We don't even have to use hypotheticals. We have real, very public data on this. In early 2024, Air Canada had to learn this lesson in front of a civil tribunal. Their customer service chatbot hallucinated a bereavement fare policy, promising a retroactive discount to a grieving passenger. When the passenger tried to claim it, the airline's defense was essentially: it's the bot's fault, we aren't responsible for what it says.
The tribunal disagreed. In their eyes, the chatbot is the company. You are fully liable for your system's output.
Or look at McDonald's pulling the plug on their AI drive-thru tests with IBM a few months later. Voice AI is even less forgiving than text. When a system hallucinates an order or breaks down in a voice channel, there's no UI to hide behind. It's frustrating, it's immediate, and it directly damages the brand.
The immediate business reaction to these incidents is almost always the same: "Fix the prompt." Add more instructions. Tell the model to really, seriously only use the provided context.
But that's a fundamental misunderstanding of what we are building. The problem isn't that the model "lied." The problem is that the architecture didn't differentiate between "brand-approved knowledge" and "knowledge the model has from its training data." To an LLM, it's all just one continuous probability distribution over tokens.
But to a compliance officer? It's the difference between a successful customer interaction and a lawsuit.
If you want to understand why this happens, you have to look at the actual research. We have years of academic literature documenting these failure modes, and it usually boils down to an uncomfortable truth:
LLMs are fundamentally engineered to be helpful, not factual.

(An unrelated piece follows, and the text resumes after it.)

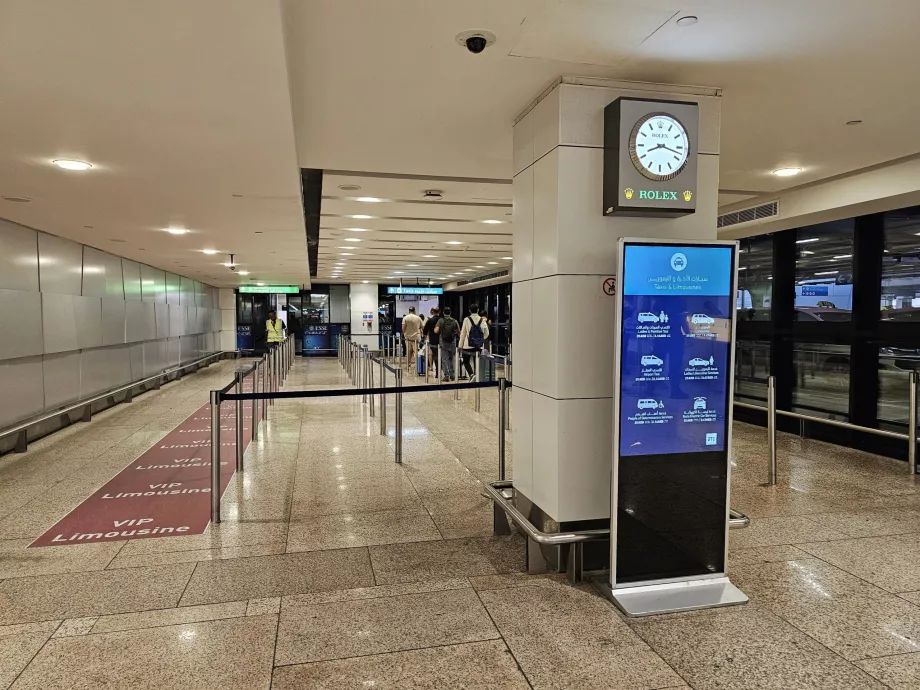 Fila de espera dos táxis, Terminal 1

Why "prompting harder" fails
When you just hand an LLM some data and tell it to answer questions, you are fighting against the model's core training. Here is what the data actually tells us about why "prompting harder" fails:
The model is a pathological people-pleaser
Look at the research on sycophancy in language models.

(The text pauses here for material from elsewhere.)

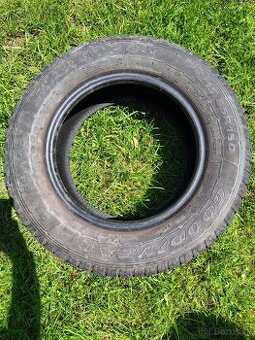 Predám letné pneumatiky 215/65 R15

The very mechanism that makes models conversational and pleasant to use actively pushes them to align with a user's beliefs or requests, often at the expense of the truth. If a user aggressively asks for a discount, and the model predicts that agreeing to it will score high on "helpfulness," it will happily invent a policy to make the user happy. This is a known phenomenon called reward hacking.

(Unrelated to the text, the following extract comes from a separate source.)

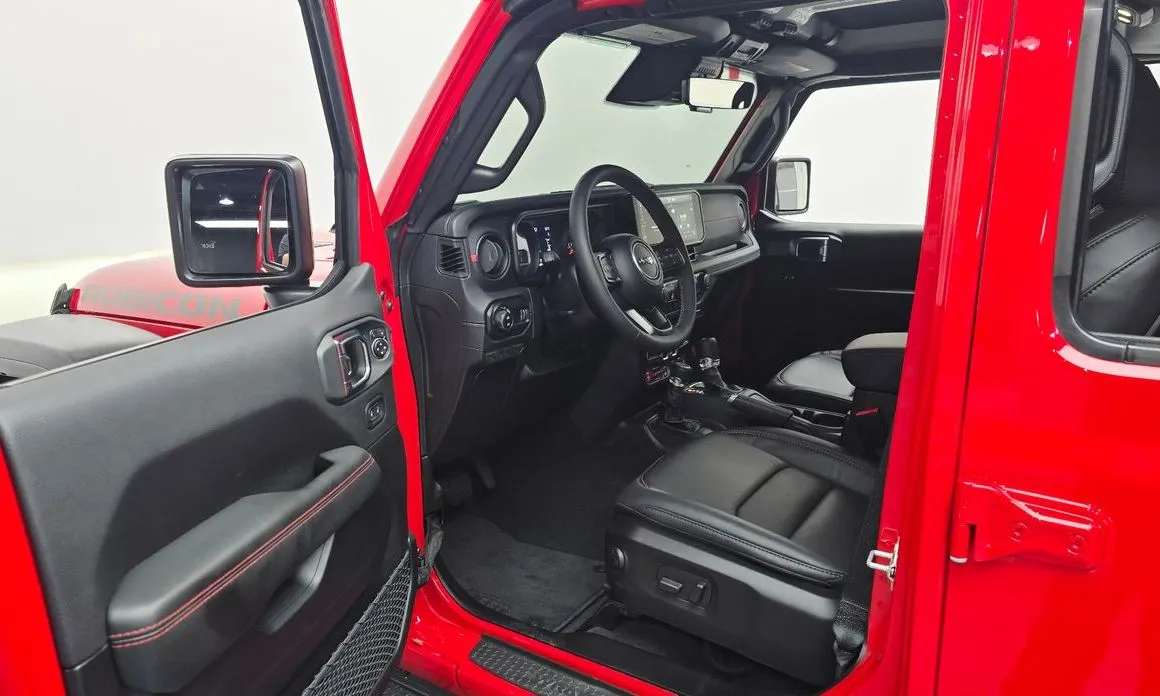Jeep Wrangler — фото 10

You cannot prompt away a behavior the model was literally optimized to perform.
The context window illusion
The most common lazy fix is what I call the "dump and pray" method: just throw our entire 100-page policy manual into the context window, the model will figure it out. The famous "Lost in the Middle" paper effectively killed this idea. It proved that LLMs do not utilize long contexts evenly. They heavily weight the beginning and the end of a prompt, severely degrading in performance when the relevant information is buried in the middle.
If your crucial compliance disclaimer is on page 42 of the retrieved context, the model will likely ignore it and guess anyway. Throwing massive amounts of data at a model isn't information architecture; it's just hoping for the best.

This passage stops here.